Why x^N − 1 factors completely. Over F_p with N | p − 1, the polynomial x^N − 1 splits into N distinct linear factors Π_{j=0}^{N−1}(x − ω^j), because the N-th roots of unity ω^j are exactly the N solutions of y^N = 1 in the cyclic group F_p^* (of order p − 1, which has a unique subgroup of each order dividing it). Distinctness is what makes the evaluation map at the ω^j an isomorphism (the CRT for F_p[x]/(x^N − 1) ≅ Π F_p[x]/(x − ω^j) ≅ F_p^N), and that CRT is the convolution theorem. This is also why the NTT needs N | p − 1: without it, the roots collapse or leave F_p, and the factorization (hence the transform) fails.

Theorem 9.3 (NTT existence condition). A primitive 2^k-th root of unity exists in F_p iff 2^k | p − 1. Hence NTT-friendly primes have the form p = c·2^k + 1; e.g. 998244353 = 119·2^{23} + 1 supports transforms up to length 2^{23}.
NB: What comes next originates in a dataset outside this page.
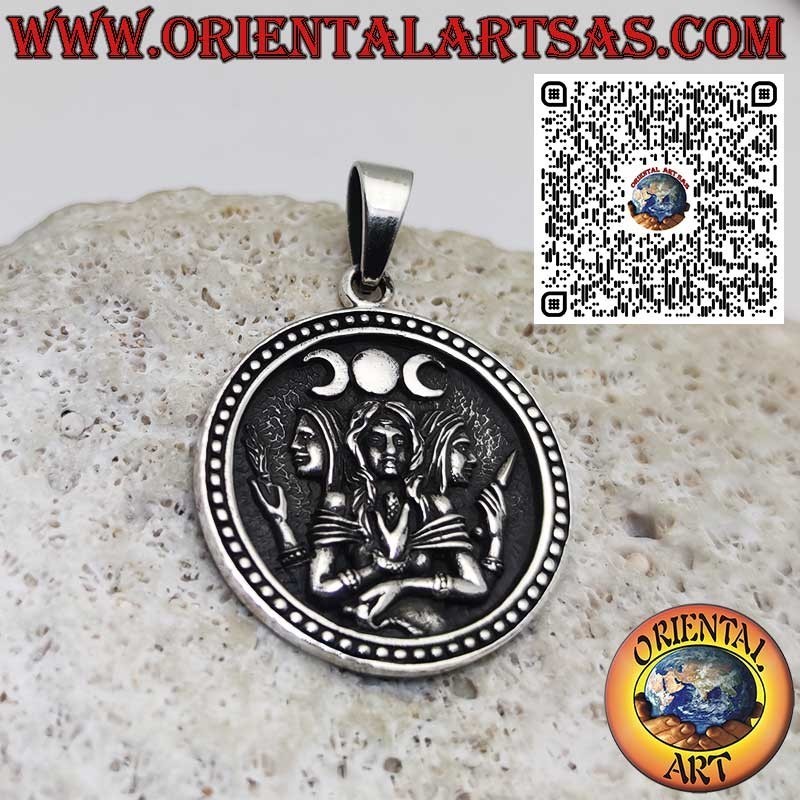 Pendentif Hécate en Argent 925 – Triple Déesse, Parques et Furies – Amulette Ésotérique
Proof. The multiplicative group F_p^* is cyclic of order p − 1; it contains an element of order 2^k iff 2^k | p − 1. A generator's (p−1)/2^k-th power then has order exactly 2^k. ∎

Evaluation–interpolation duality. Theorem 4.1 (interpolation) and the convolution theorem are two sides of one coin: multiplication is cheap in the point-value representation (pointwise), so FFT/NTT multiply by transforming to point-values, multiplying, and transforming back. The O(n²) multipoint evaluation and interpolation of middle.md become O(n log² n) via the subproduct tree precisely because the DFT chooses special evaluation points (roots of unity) where evaluation is O(n log n) instead of O(n²).

8.6 Generating functions and linear recurrences (a duality)¶

Theorem 8.7 (Rational GF ⇔ linear recurrence). A power series A(x) = Σ a_n x^n is the expansion of a rational function P(x)/Q(x) with deg P < deg Q = d and Q(0) ≠ 0 iff the sequence (a_n) satisfies a constant-coefficient linear recurrence of order d with characteristic polynomial (the reversal of) Q.
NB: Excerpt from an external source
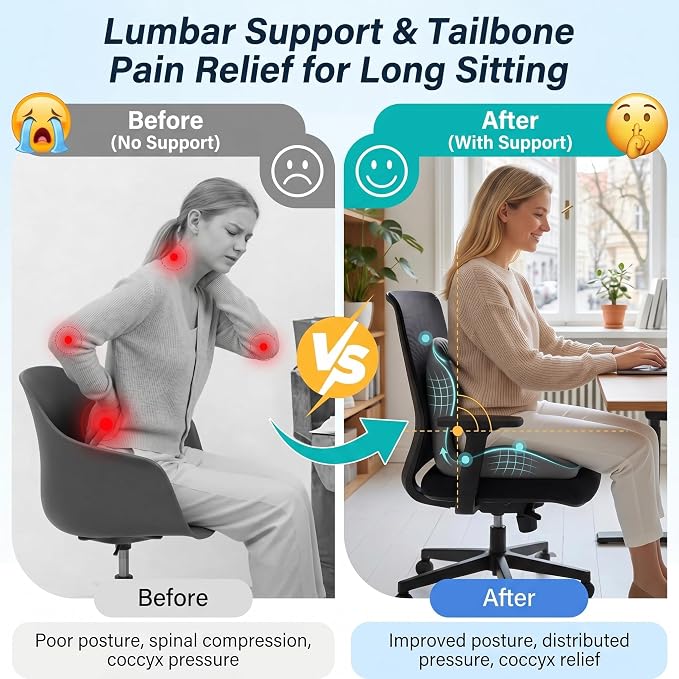Ergonomic Seat Cushion with Lumbar Support (Grey) | Office Chair Seat Cushion, Memory Foam Orthopedic Cushion with Tailbone Hollow, Sciatica & Back Pain Relief for Long Sitting - Image 2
Proof sketch. If A = P/Q, then Q·A = P as series; comparing coefficients of x^n for n ≥ d (where P has no terms) gives Σ_{i=0}^{d} Q[i]·a_{n−i} = 0, a linear recurrence. Conversely, a recurrence of order d makes Q·A a polynomial of degree < d, i.e. A = (Q·A)/Q is rational. ∎

Consequence. Computing the n-th term of a linear recurrence reduces to extracting [x^n](P/Q), i.e. a series inverse Q^{−1} (Theorem 8.1) times P, truncated — O(M(n)) to get all terms up to n, or O(M(d) log n) for a single far-out term via the Kitamasa / Cayley-Hamilton reduction (the polynomial-modular-exponentiation method, kin to sibling 11-matrix-exponentiation). This is why series inverse is the workhorse not just for division but for recurrence evaluation: the matrix view and the rational-GF view are the same linear operator. Fibonacci's 1/(1 − x − x²), the Catalan GF, and tiling counts are all instances.

9.0 The modular-reduction homomorphism (why "reduce as you go" is valid)¶

Proposition 9.1b. Let φ_p : Z[x] → F_p[x] reduce each coefficient mod p. Then φ_p is a ring homomorphism: φ_p(A + B) = φ_p(A) + φ_p(B) and φ_p(A·B) = φ_p(A)·φ_p(B).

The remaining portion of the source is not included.